What the Bible Says about
Marriage, Divorce, and Remarriage

John Coblentz

How can the church help?
Pages 85 - 90

1. The church can help by holding clearly to the Biblical standard of righteousness in an attitude of love.

This is not easy. The church at Corinth faced the problem of a man who had an immoral relationship and wished to be part of the church. He had married his stepmother. (Some believe he had not married her but was having sexual relations with her.) The Apostle Paul wrote the following in response:

"It is reported commonly that there is fornication among you, and such fornication as is not so much as named among the Gentiles, that one should have his father's wife. . . . In the name of our Lord Jesus Christ, when ye are gathered together, and my spirit, with the power of our Lord Jesus Christ, to deliver such an one unto Satan for the destruction of the flesh, that the spirit may be saved in the day of the Lord Jesus. . . . Therefore put away from among yourselves that wicked person" (I Corinthians 5:1, 4, 5, 13).
Although excommunication is not an easy work, it is a necessary work toward those who sin by joining themselves in relationships God has forbidden.
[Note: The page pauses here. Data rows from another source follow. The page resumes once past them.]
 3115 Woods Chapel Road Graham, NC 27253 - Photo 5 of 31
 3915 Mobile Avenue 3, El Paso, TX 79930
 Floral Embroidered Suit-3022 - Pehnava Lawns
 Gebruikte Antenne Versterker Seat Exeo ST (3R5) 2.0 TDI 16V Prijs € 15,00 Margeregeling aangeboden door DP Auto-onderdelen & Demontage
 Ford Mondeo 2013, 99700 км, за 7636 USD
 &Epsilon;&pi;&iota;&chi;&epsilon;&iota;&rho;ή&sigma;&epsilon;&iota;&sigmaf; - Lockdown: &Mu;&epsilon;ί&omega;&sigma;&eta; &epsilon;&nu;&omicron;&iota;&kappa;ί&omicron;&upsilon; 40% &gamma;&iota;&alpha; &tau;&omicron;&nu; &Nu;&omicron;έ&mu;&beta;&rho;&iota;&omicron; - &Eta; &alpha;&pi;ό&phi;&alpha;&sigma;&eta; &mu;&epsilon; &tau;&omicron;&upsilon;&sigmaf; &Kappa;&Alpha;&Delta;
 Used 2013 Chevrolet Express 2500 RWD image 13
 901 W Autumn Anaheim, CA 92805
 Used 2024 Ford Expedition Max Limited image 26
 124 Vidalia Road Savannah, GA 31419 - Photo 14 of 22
2. The church can help those who wish to repent of adultery by being forgiving and supportive.

"Sufficient to such a man is this punishment, which was inflicted of many. So that contrariwise ye ought rather to forgive him, and comfort him, lest perhaps such a one should be swallowed up with overmuch sorrow. Wherefore I beseech you that ye would confirm your love toward him" (II Corinthians 2:6-8).
This instruction in Paul's second letter to Corinth is apparently in regard to the same man as Paul formerly had instructed the church to excommunicate. It is evidence of the value of church discipline. The man had repented. He had left his sinful relationship. And now Paul instructs the church to forgive, support, and confirm their love toward him.

When a person repents of former sin and desires to do what is right is no time for holding grudges and giving the cold shoulder, no matter how loathsome the former sin. Genuine repentance calls for genuine forgiveness and restoration.
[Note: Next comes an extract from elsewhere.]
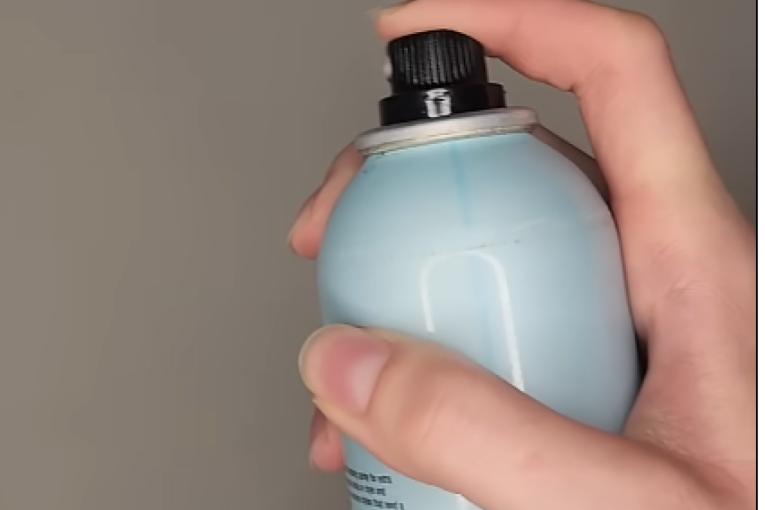 Nije samo za frizuru: Lak za kosu uklanja fleke kao od šale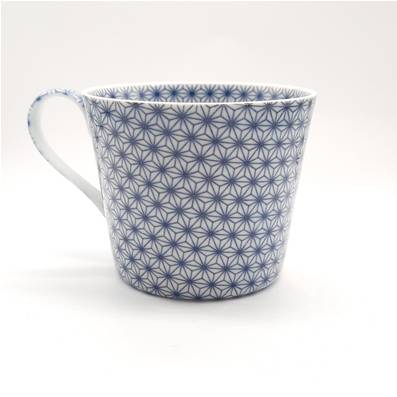 Tasse japonaise motif Asanoha bleu avec anse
3. The church can help people resolve tangled marriage relationships by avoiding carnal speculation and rumor.

"Thou shalt not go up and down as a talebearer among thy people" (Leviticus 19:16).

"Judge not, that ye be not judged. For with what judgment ye judge, ye shall be judged: and with what measure ye mete, it shall be measured to you again" (Matthew 7:1, 2).

"For he that will love life, and see good days, let him refrain his tongue from evil, and his lips that they speak no guile" (I Peter 3:10).

The fallen mind has a fascination with evil reports. It also has a tendency to assume evil and to put things together in the worst construction. Knowing these tendencies and the deceitfulness of the heart, Christians should avoid talk about the sins and problems of others. When they need to discuss others' failures and sins for the sake of dealing with them, they should do so with clarity and openness, but with fairness and kindness as well.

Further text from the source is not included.